## Work task
Could the data below be copied exactly, minus the pictures?

## Information shown
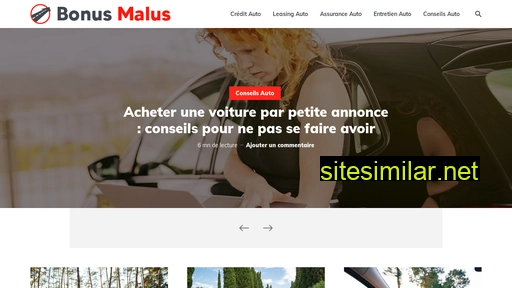 bonusmalus.fr alternative sites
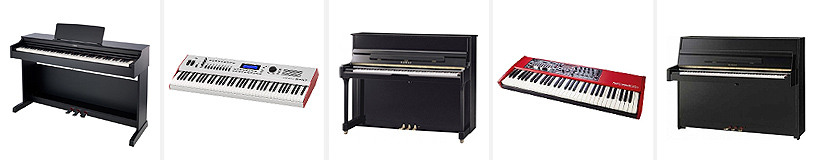 Рейтинг на най-добрите пиана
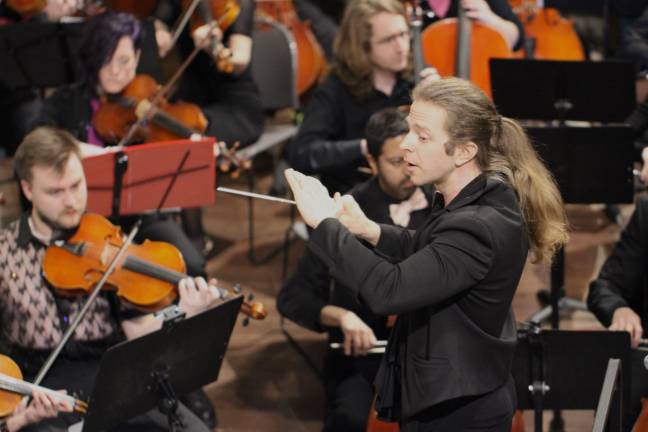 David Bloom, QUO’s artistic director, says the ensemble provides a safe space and sense of community for its musicians.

## Solution to this task
 bonusmalus.fr alternative sites
 Рейтинг на най-добрите пиана
 David Bloom, QUO’s artistic director, says the ensemble provides a safe space and sense of community for its musicians.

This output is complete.